In full and word for word, copy the listing; no pictures belong in the copy.

* [Information provided]:
===

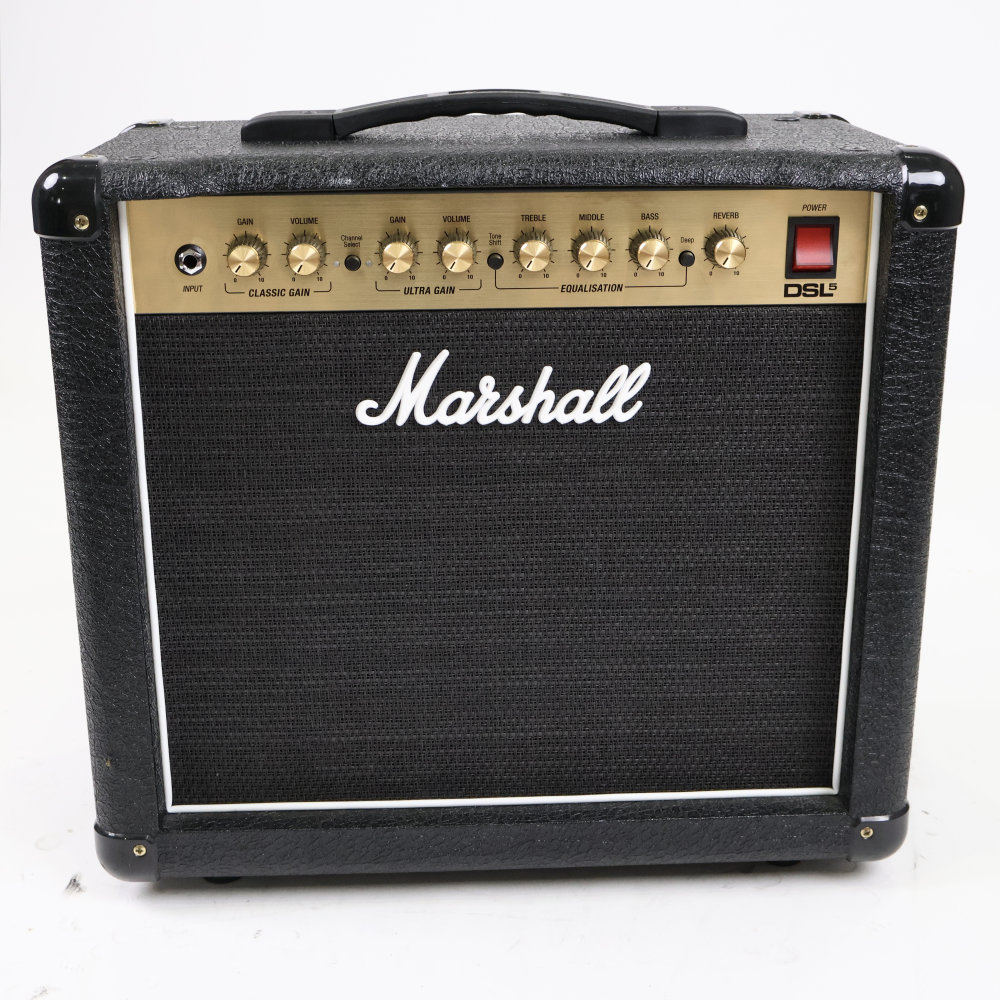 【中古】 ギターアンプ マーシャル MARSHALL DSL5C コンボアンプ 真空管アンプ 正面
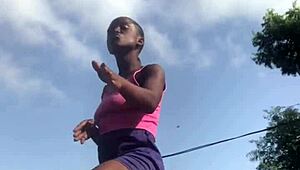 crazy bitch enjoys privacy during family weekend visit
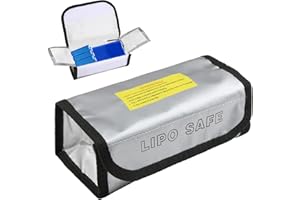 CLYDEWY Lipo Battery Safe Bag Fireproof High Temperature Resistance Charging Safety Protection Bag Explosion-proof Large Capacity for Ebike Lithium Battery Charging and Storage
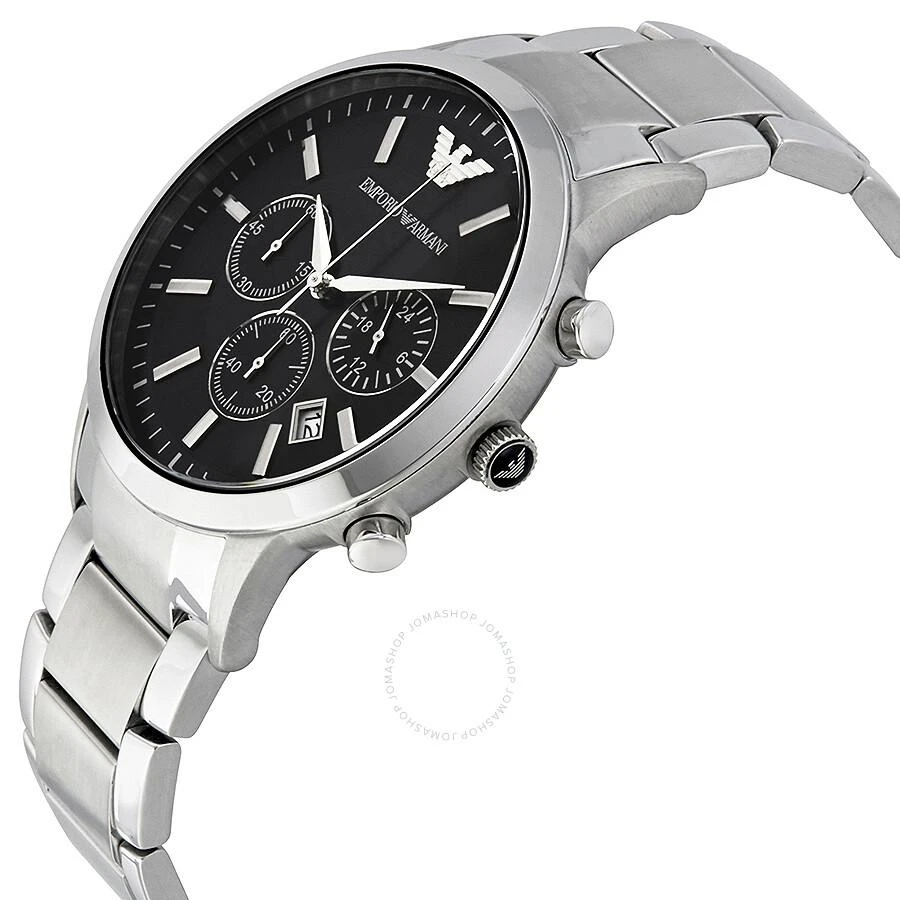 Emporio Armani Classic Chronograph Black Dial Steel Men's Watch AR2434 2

===

* [Result of this exercise]:
 【中古】 ギターアンプ マーシャル MARSHALL DSL5C コンボアンプ 真空管アンプ 正面
 crazy bitch enjoys privacy during family weekend visit
 CLYDEWY Lipo Battery Safe Bag Fireproof High Temperature Resistance Charging Safety Protection Bag Explosion-proof Large Capacity for Ebike Lithium Battery Charging and Storage
 Emporio Armani Classic Chronograph Black Dial Steel Men's Watch AR2434 2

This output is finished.